From looking at all this, and seeing what the people in Princeton are saying, my non-expert opinion is that the BICEP2 result should be interpreted as an observation of B-mode polarization, but there’s no convincing data yet about the crucial question of whether this is foreground or cosmological. The BICEP2 data could not address this, and the relevant Planck data is not yet available (other experiments will soon also provide the data needed to resolve this question). The BICEP2 press release claiming “the first direct evidence for cosmic inflation” now looks like it may have been a highly premature claim.
Update: Talks ongoing at Caltech today about this at a workshop, videos later here. On Twitter, you can follow the BICEP/Planck fight via Sean Carroll:
At Caltech CMB workshop. #BICEP2 folks seem completely unconcerned about recent worries about galactic foregrounds. Wait for Planck paper…
Zaldarriaga on CMB grav waves vs. dust: sane answer is “let’s just wait.” On the other hand… we just can’t. No scientist is that patient…
MZ: Planck hasn’t measured dust in #BICEP2 region. But extrapolating from where they did measure, apparently can fit B-mode signal.
MZ: “I’m not happy this is on Facebook and Twitter.”

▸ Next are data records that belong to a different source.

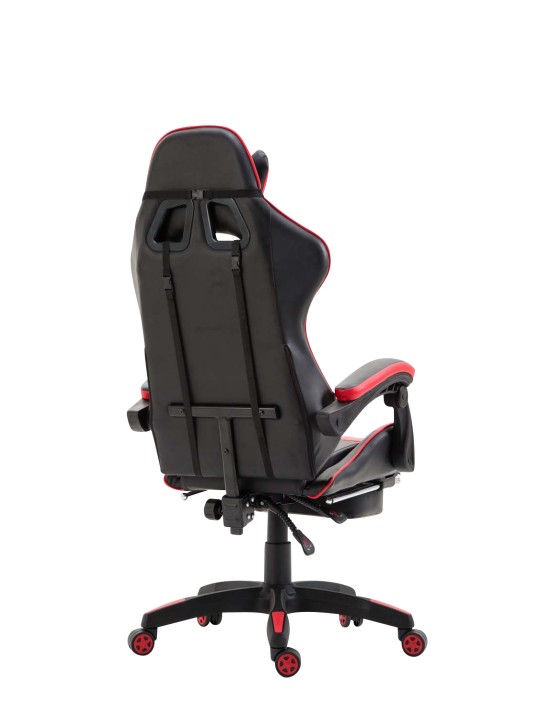 Ignite műbőr irodai szék, fekete/piros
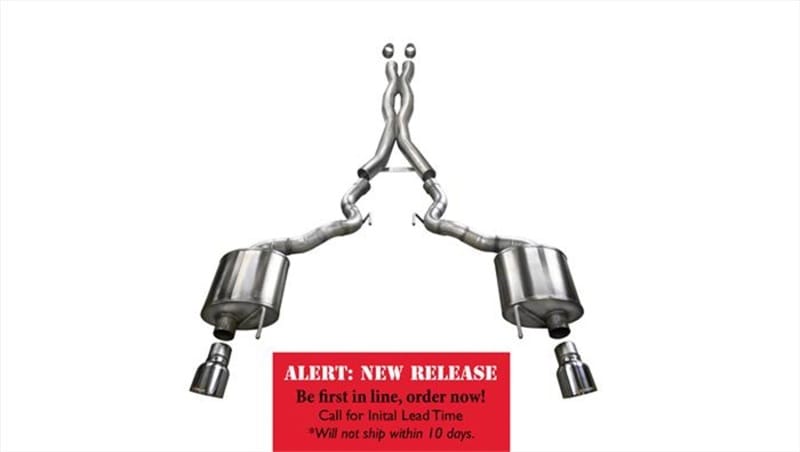 CORSA Performance — Corsa 2015-2017 Ford Mustang GT Convertible 5.0L V8 Polished Xtreme Dual Rear Exit Exhaust
Exhaust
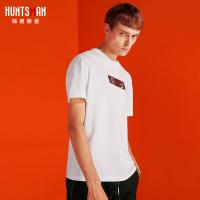 海德斯曼2018新款短袖男宽松白色T恤夏季圆领潮流学生半袖衫2898
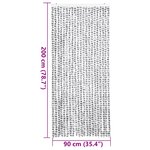 vidaXL Rideau anti-mouches gris clair et gris foncé 90x200 cm chenille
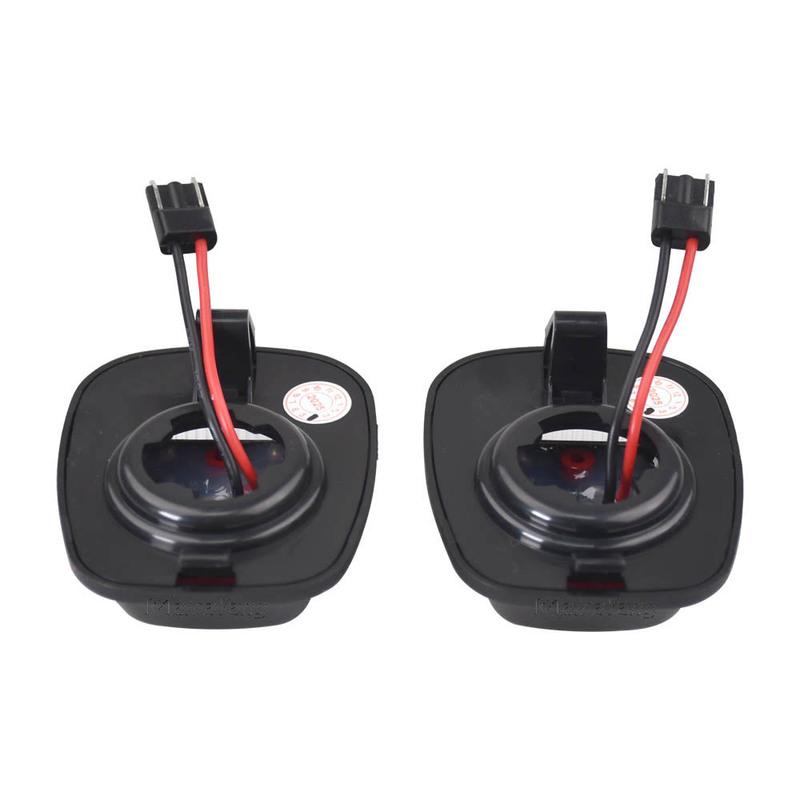 2PCS NEW LED License Number Plate Light For Nissan Xterra Roniz WD22 1999-2004 For Nissan Frontier Navara NP300 D22 1998-2004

Seems to me we’re now stuck with Planck saying they think this is dust, BICEP saying they think it’s not. Planck is the side that has data about dust, BICEP is the side that has something they scraped off a slide of a Keynote presentation…
Update: Excellent article about this in the Washington Post from Joel Achenbach: Big Bang backlash.
Update: Zaldarriaga: I believe the case in favor of a detection of primordial B modes is not convincing (hopefully just temporarily). See more here and here.